Muslim pilgrims circle around the kaaba in Mecca Image copyright AFP
Image caption Muslims circle around the kaaba in Mecca as part of the pilgrimage

A new fashion for taking a selfie while on pilgrimage to the holy sites of Islam is being greeted with disapproval by some clerics, it has been reported.

A growing number of pilgrims are taking pictures of themselves while on the hajj - the main pilgrimage Muslims seek to perform at least once in their life - and posting it on social media for friends and family at home, according to the Arab News website. Favourite scenes include the key steps of the pilgrimage, such as the ritual walk around the Kaaba in Mecca or trying to kiss the black stone inside. The practice apparently took off after the authorities relaxed a previous ban on camera phones inside the holy sites.

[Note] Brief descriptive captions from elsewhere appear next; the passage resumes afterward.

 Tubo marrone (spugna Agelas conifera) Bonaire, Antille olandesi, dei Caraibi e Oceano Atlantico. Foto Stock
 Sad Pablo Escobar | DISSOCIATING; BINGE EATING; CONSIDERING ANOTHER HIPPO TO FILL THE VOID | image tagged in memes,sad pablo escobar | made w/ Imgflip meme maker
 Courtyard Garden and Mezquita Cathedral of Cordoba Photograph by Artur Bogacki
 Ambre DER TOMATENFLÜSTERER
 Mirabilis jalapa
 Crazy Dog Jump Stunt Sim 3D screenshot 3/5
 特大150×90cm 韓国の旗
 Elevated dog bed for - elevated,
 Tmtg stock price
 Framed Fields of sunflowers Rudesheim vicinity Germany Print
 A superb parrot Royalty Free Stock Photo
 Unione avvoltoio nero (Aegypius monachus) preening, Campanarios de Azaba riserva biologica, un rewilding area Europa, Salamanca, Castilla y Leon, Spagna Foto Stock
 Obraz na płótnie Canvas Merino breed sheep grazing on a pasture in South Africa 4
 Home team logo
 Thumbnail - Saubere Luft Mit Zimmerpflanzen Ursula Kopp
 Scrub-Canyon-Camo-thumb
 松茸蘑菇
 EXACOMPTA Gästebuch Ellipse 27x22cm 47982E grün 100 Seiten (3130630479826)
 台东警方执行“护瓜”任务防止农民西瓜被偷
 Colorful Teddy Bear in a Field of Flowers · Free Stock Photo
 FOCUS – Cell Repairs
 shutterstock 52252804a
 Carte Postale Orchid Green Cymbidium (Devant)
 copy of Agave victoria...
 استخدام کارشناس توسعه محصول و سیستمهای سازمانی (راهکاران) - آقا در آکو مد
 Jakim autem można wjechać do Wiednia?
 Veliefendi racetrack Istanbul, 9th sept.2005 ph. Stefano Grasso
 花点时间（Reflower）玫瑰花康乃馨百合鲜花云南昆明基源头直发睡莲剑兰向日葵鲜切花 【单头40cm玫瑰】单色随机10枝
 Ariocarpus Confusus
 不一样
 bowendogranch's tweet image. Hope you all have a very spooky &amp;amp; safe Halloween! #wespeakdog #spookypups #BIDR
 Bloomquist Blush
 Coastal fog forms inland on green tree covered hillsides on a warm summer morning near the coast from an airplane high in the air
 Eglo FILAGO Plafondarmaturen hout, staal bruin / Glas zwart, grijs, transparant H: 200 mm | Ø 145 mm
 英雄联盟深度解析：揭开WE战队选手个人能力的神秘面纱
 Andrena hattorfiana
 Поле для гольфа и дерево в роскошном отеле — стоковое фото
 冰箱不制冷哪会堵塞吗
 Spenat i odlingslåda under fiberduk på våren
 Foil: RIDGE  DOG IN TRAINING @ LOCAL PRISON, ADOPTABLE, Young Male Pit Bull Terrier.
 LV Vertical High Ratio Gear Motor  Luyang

Now several religious scholars have spoken out against "selfie fever" as "touristy behaviour". "Taking such selfies and videos defy the wish of our prophet," Saudi cleric Assim Al-Hakeem says. "It is as though the only purpose of this trip is to take pictures and not worship," another, Abdul Razzaq Al-Badr, grumbles. But some think the chorus of disapproval - even a former grand mufti in Egypt has been critical - is unlikely to have an effect. "So many people have camera phones, it's not easy to stop," one pilgrim says.